Required action: Find the line with "Чорний чохол BoxFace" in the entries below, then output every line from it down to the line with "Le Cheval Blanc Extérieur", exactly and with no pictures.

Listed records:
- - -

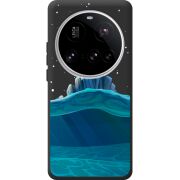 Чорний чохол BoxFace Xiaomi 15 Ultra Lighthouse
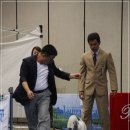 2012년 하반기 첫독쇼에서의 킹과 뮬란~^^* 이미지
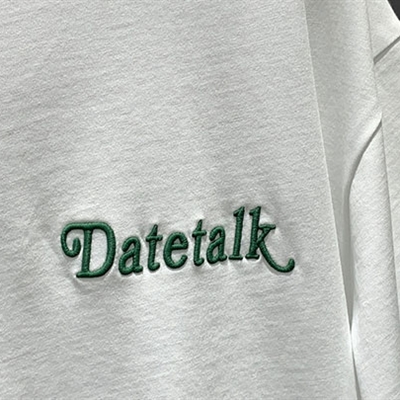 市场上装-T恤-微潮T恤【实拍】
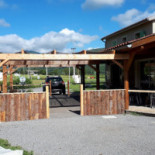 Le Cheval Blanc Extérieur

- - -

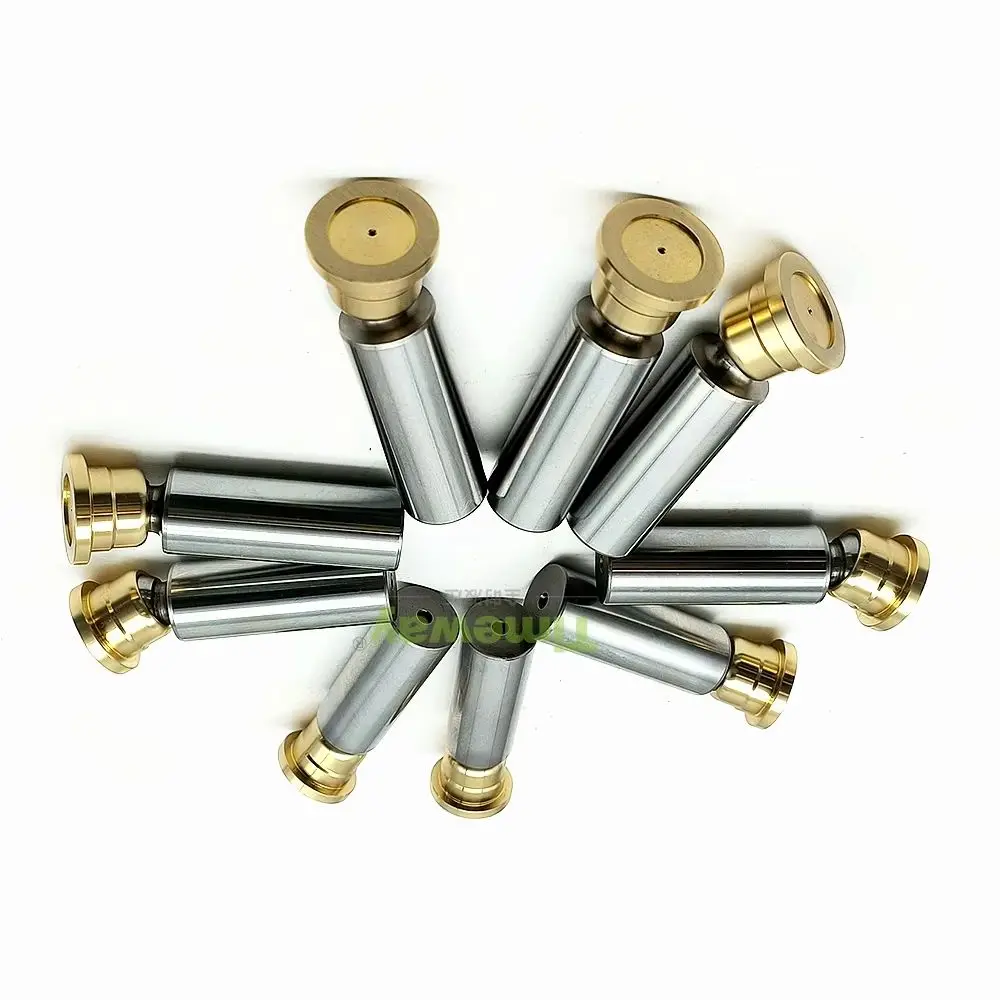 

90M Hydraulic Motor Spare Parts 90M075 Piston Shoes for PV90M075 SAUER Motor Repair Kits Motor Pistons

- - -

Exercise output:
 Чорний чохол BoxFace Xiaomi 15 Ultra Lighthouse
 2012년 하반기 첫독쇼에서의 킹과 뮬란~^^* 이미지
 市场上装-T恤-微潮T恤【实拍】
 Le Cheval Blanc Extérieur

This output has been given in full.